Pemakaian bahan bakar nabati atau BBN dari minyak sawit diperkirakan akan terus meningkat. Menteri Energi dan Sumber Daya Mineral (ESDM) Arifin Tasrif mengatakan pemerintah akan mewajibkan pencampurannya dengan bahan bakar minyak alias BBM jenis solar.
Saat ini campuran biodiesel baru mencapai 30% sehingga bahan bakar ini disebut B30. Kementerian sedang melakukan uji coba untuk B40, bahkan diesel yang 100% dari sawit atau D100.
Arifin menyebut apabila target produksi minyak bumi 1 juta barel per hari diganti dengan BBN, maka kebutuhan lahan kelapa sawitnya mencapai 15 juta hektare. “Itu hasil kajian kami,” katanya ketika mengikuti rapat dengan Komisi VII DPR, Senin (23/11). Namun, ia tak merinci lebih jauh mengenai kajian tersebut.
Direktur Eksekutif Institute for Essential Services Reform (IESR) Fabby Tumiwa berpendapat pemerintah sebaiknya tidak terobsesi mengembangkan biofuel dari minyak sawit. Masih banyak kekayaan nabati lain di Indonesia dan dapat dimanfaatkan untuk pengembangan bioekonomi.
Pembukaan lahan sebesar 15 juta hektare perlu dipertanyakan apakah menyasar kawasan hutan primer dan lahan gambut atau tidak. Pelaksanaannya dapat mengakibatkan deforestasi dan eksploitasi lahan. “Cara ini malah memperburuk krisis perubahan iklim,” ujar Fabby.
Sebaiknya, pemerintah mempercepat elektifikasi kendaraan listrik. Dengan perubahan bahan bakar kendaraan, maka permintaan BBM pun menurun. Selain itu, standar emisi pun perlu dinaikkan supaya konsumsi bahan bakar kendaraan bermotor lebih efisien.
Program Biodiesel Dianggap Untungkan Pengusaha Sawit
Sebelumnya, Ekonom senior Institute for Development of Economics and Finance (Indef) Faisal Basri mengatakan beberapa program pemerintahan Presiden Joko Widodo terkait di sektor energi tampak tidak konsisten.

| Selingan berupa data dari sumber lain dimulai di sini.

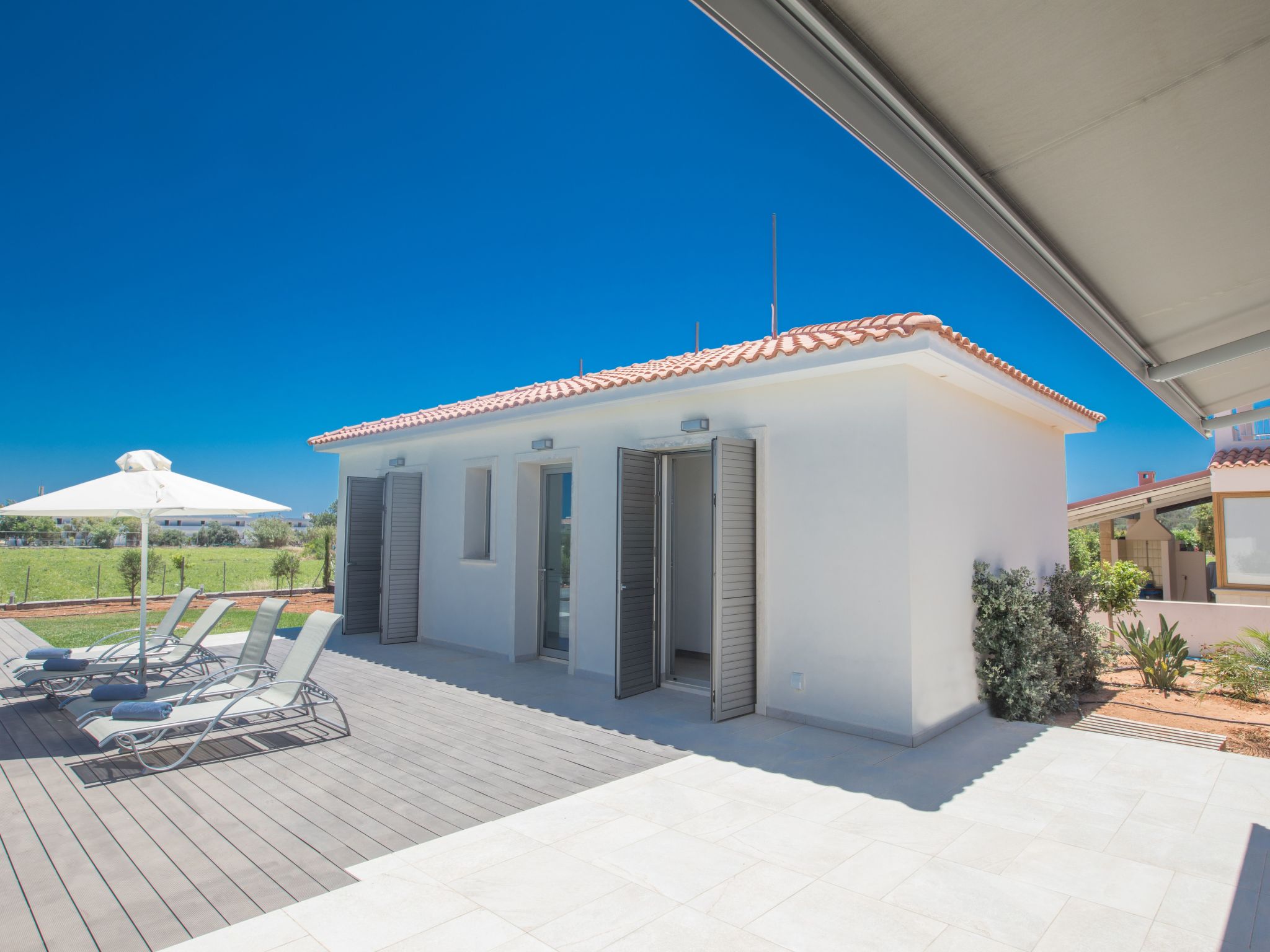 In Ayia Napa mit großem Patio-Image-tags.info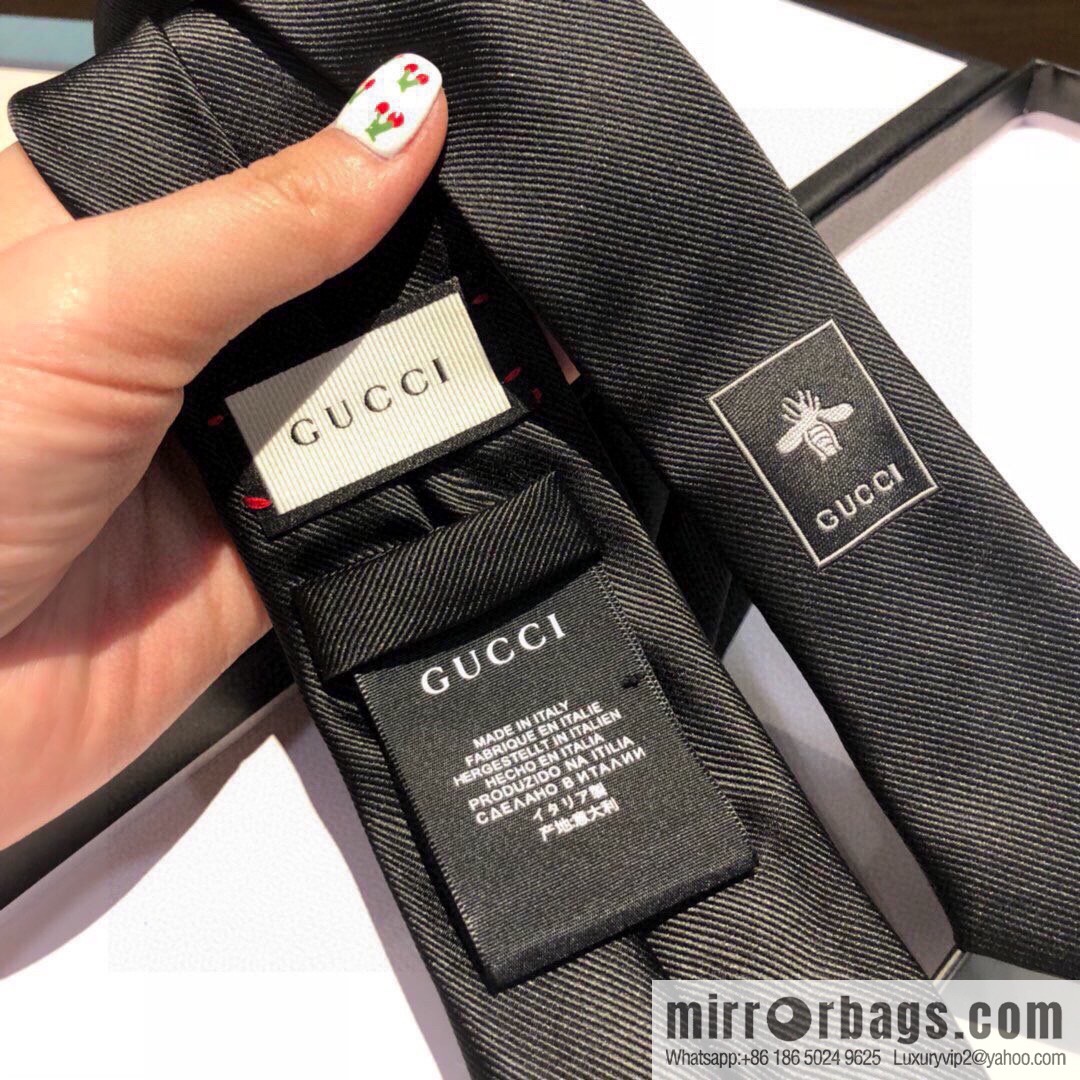 GUCCI Gucci tiger pattern silk tie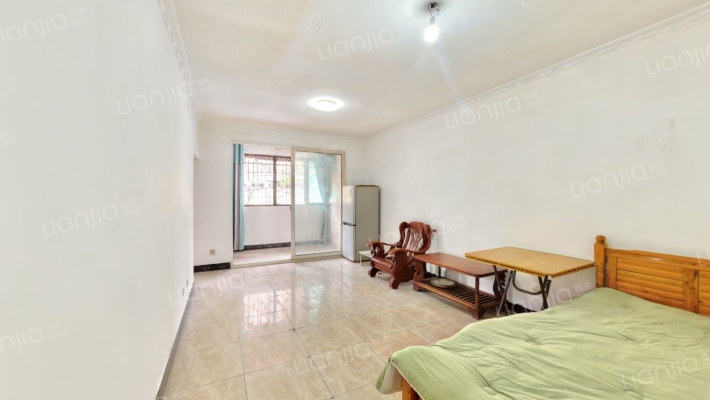 棕南西街7号二手房实景图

Misalnya, pemerintah mendorong program mandatori biodiesel dari kelapa sawit guna mengurangi ketergantungan terhadap energi fosil. Di saat yang sama, ada pula program pengembangan empat kilang minyak dan pembangunan dua baru.
Kemudian, ada lagi rencana menggenjot proyek gasifikasi batu bara menjadi dimethyl ether (DME) yang mahal biayanya sebagai substitusi elpiji. "Yang saya ingin garisbawahi adalah pemerintah maunya banyak tapi tidak jelas," kata Faisal dalam diskusi secara virtual, Rabu (19/11).
Ia juga menyorot program mandatori biodiesel yang sebetulnya hanya mengamankan dan menguntungkan segelintir taipan industri sawit. Padahal, secara nilai keekonomian dan lingkungan, program tersebut justru merugikan negara.
Pemerintah pun menyiapkan regulasi untuk mengamankan bisnis sawit. Rancangan Undang-Undang Energi Baru dan Terbarukan (EBT) menyebutkan sawit merupakan bahan bakar nabati atau biofuel satu-satunya. "Ini legitimasi untuk memperoleh dana subsidi berkelanjutan," kata dia.
Secara ekonomi, menurut dia, tidak ada kontribusi nyata pengembangan biodiesel. Meskipun dapat menekan impor solar, tapi anjloknya harga minyak mentah dunia saat ini membuat harga biodiesel menjadi lebih mahal daripada bahan bakar minyak atau BBM.